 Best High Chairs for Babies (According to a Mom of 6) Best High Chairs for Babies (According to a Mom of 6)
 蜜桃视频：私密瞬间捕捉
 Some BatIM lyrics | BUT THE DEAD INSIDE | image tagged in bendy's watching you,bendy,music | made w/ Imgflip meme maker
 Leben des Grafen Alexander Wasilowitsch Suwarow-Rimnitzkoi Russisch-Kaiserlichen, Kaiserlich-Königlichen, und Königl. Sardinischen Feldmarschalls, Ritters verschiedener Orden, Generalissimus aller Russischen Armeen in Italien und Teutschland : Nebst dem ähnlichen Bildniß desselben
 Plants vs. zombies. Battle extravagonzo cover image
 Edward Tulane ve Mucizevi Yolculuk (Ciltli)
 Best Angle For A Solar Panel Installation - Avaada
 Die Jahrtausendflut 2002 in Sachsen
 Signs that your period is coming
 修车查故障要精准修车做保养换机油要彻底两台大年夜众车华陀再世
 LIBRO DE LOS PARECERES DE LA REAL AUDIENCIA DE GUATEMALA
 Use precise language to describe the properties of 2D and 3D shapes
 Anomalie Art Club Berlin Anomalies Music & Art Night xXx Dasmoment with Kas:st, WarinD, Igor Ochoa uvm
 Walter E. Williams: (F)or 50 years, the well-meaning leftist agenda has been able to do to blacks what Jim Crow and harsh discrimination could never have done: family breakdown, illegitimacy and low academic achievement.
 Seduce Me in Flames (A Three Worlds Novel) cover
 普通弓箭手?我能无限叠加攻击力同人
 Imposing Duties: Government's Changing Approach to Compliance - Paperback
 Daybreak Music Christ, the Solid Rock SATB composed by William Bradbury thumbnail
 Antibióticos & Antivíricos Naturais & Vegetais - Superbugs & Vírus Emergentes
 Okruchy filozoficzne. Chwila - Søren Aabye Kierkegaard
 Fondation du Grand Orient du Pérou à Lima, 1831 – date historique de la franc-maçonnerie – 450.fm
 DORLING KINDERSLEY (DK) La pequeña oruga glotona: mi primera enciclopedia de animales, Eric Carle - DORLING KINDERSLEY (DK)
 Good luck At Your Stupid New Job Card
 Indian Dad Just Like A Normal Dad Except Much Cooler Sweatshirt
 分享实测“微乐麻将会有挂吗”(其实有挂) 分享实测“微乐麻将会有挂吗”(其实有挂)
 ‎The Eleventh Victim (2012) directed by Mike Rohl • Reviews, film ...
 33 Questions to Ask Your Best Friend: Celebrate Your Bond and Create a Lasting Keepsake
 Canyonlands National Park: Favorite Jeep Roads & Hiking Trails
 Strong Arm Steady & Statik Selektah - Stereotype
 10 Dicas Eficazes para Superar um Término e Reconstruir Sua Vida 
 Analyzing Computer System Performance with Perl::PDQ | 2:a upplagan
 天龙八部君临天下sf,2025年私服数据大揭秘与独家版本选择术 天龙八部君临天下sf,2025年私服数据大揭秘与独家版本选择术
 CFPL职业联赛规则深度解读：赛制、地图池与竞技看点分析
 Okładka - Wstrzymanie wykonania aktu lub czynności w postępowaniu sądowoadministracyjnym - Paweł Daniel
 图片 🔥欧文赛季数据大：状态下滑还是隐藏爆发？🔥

*Exercise description*: The answer consists of every entry, returned exactly.

*Written solution*:
 Best High Chairs for Babies (According to a Mom of 6) Best High Chairs for Babies (According to a Mom of 6)
 蜜桃视频：私密瞬间捕捉
 Some BatIM lyrics | BUT THE DEAD INSIDE | image tagged in bendy's watching you,bendy,music | made w/ Imgflip meme maker
 Leben des Grafen Alexander Wasilowitsch Suwarow-Rimnitzkoi Russisch-Kaiserlichen, Kaiserlich-Königlichen, und Königl. Sardinischen Feldmarschalls, Ritters verschiedener Orden, Generalissimus aller Russischen Armeen in Italien und Teutschland : Nebst dem ähnlichen Bildniß desselben
 Plants vs. zombies. Battle extravagonzo cover image
 Edward Tulane ve Mucizevi Yolculuk (Ciltli)
 Best Angle For A Solar Panel Installation - Avaada
 Die Jahrtausendflut 2002 in Sachsen
 Signs that your period is coming
 修车查故障要精准修车做保养换机油要彻底两台大年夜众车华陀再世
 LIBRO DE LOS PARECERES DE LA REAL AUDIENCIA DE GUATEMALA
 Use precise language to describe the properties of 2D and 3D shapes
 Anomalie Art Club Berlin Anomalies Music & Art Night xXx Dasmoment with Kas:st, WarinD, Igor Ochoa uvm
 Walter E. Williams: (F)or 50 years, the well-meaning leftist agenda has been able to do to blacks what Jim Crow and harsh discrimination could never have done: family breakdown, illegitimacy and low academic achievement.
 Seduce Me in Flames (A Three Worlds Novel) cover
 普通弓箭手?我能无限叠加攻击力同人
 Imposing Duties: Government's Changing Approach to Compliance - Paperback
 Daybreak Music Christ, the Solid Rock SATB composed by William Bradbury thumbnail
 Antibióticos & Antivíricos Naturais & Vegetais - Superbugs & Vírus Emergentes
 Okruchy filozoficzne. Chwila - Søren Aabye Kierkegaard
 Fondation du Grand Orient du Pérou à Lima, 1831 – date historique de la franc-maçonnerie – 450.fm
 DORLING KINDERSLEY (DK) La pequeña oruga glotona: mi primera enciclopedia de animales, Eric Carle - DORLING KINDERSLEY (DK)
 Good luck At Your Stupid New Job Card
 Indian Dad Just Like A Normal Dad Except Much Cooler Sweatshirt
 分享实测“微乐麻将会有挂吗”(其实有挂) 分享实测“微乐麻将会有挂吗”(其实有挂)
 ‎The Eleventh Victim (2012) directed by Mike Rohl • Reviews, film ...
 33 Questions to Ask Your Best Friend: Celebrate Your Bond and Create a Lasting Keepsake
 Canyonlands National Park: Favorite Jeep Roads & Hiking Trails
 Strong Arm Steady & Statik Selektah - Stereotype
 10 Dicas Eficazes para Superar um Término e Reconstruir Sua Vida 
 Analyzing Computer System Performance with Perl::PDQ | 2:a upplagan
 天龙八部君临天下sf,2025年私服数据大揭秘与独家版本选择术 天龙八部君临天下sf,2025年私服数据大揭秘与独家版本选择术
 CFPL职业联赛规则深度解读：赛制、地图池与竞技看点分析
 Okładka - Wstrzymanie wykonania aktu lub czynności w postępowaniu sądowoadministracyjnym - Paweł Daniel
 图片 🔥欧文赛季数据大：状态下滑还是隐藏爆发？🔥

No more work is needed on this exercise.